Worrying signs of a knee-jerk reaction to COVID-19, says Peter Williamson, Honorary Professor of International Management.
There are worrying signs of a knee-jerk reaction to the coronavirus pandemic, a spasm toward protectionism, nationalism and the abandonment of international cooperation. This is clearly the wrong approach.
Turning inward would cripple manufacturing efficiency. The prices consumers pay would rise. Innovation and productivity growth, already under threat, would slow down. In short, people’s lives would suffer.
The reality is that our globally interconnected economy has helped in dealing with the pandemic. Vital raw materials such as testing reagents have moved across borders to where they are in short supply. Personal protective equipment and even ventilators from across the globe are now helping to alleviate shortages in many of the worst-hit countries. Contrary to dire predictions, global supply chains including food have held up pretty well.
Yet despite what history tells us of the dangers of protectionism, the United States in particular seems intent on undermining the supply side of the global economy. The semiconductor industry underlines the dangers of such an approach at a time when mobile phones and the semiconductors they use are the very devices we’re now relying on to maintain our safety, sanity, and some vestige of normality in our lives.
Rules proposed by the Trump administration would disrupt the global semiconductor innovation and supply chain by stipulating that a chip designed and manufactured outside the US could be sold in the US only with the approval of the US government and so long as any piece of US-origin equipment was used in its production.
The motivation of such a move to unwind the global semiconductor supply chain can be explained by a desire to cripple Chinese companies and industries that use semiconductors, in particular, Huawei. Chinese companies account for 23 per cent of global semiconductor demand. But the repercussions would harm the entire global industry, including major American firms.
These negative effects of de-globalising the semiconductor industry are laid out in a March 2020 report by The Boston Consulting Group, commissioned by the US Semiconductor Industry Association, “How Trade Restrictions with China Could End U.S. Leadership in Semiconductors”. It estimated that US companies would lose 18 percentage points of global share and 37 per cent of their global revenue if the US completely banned semiconductor companies from selling to Chinese customers. The report concluded that this would inevitably result in severe cuts in R&D and capital expenditures, and the loss of 15,000 to 40,000 highly skilled direct jobs in the US semiconductor industry.
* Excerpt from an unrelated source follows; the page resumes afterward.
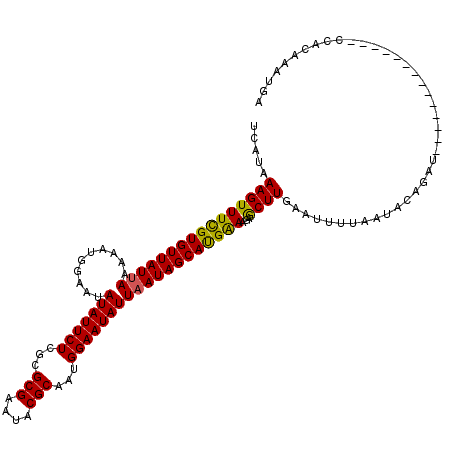 secondary structure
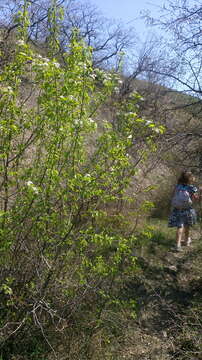 Plancia ëd Prunus cerasus L.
It would also cripple innovation, which relies on in-depth, long-term collaboration between chip designers in the US, China, Europe and other parts of the world, while creating uncertainty for supply chains that are the foundation of products and services critical to fighting the COVID-19 (coronavirus) pandemic.
Longer term, if it prompts the Chinese government to introduce retaliatory measures and promotes a move toward self-sufficiency, de-globalisation could split today’s common standards. Balkanising semiconductor design would be catastrophic for the pace of technological progress and impose new costs and rigidities on the growing number of industries that are embedding chips into the core of their products.
Semiconductors are hardly alone. Apparel firms Kenneth Cole and Ralph Lauren have both warned that cutting their firms off from Chinese suppliers would drive up prices for global consumers and hinder economic recovery, while electrical goods retailer Best Buy pointed out that unwinding its global supply chain would dramatically increase economic inefficiency.
Commenting on the challenge of the coronavirus, Germany’s President, Frank Walter Steinmeier, summed up the new reality perfectly: “No single entity covers the medical, economic, and political elements required to produce a vaccine for all.”
As with vaccines, as with semiconductors.
While questions do need to be asked about improving the resilience of our supply chains and the fragility that comes with “just in time” manufacturing networks, protectionism is not the answer. Any headlong rush to roll back globalisation, localise and re-shore threatens only to make any problem worse.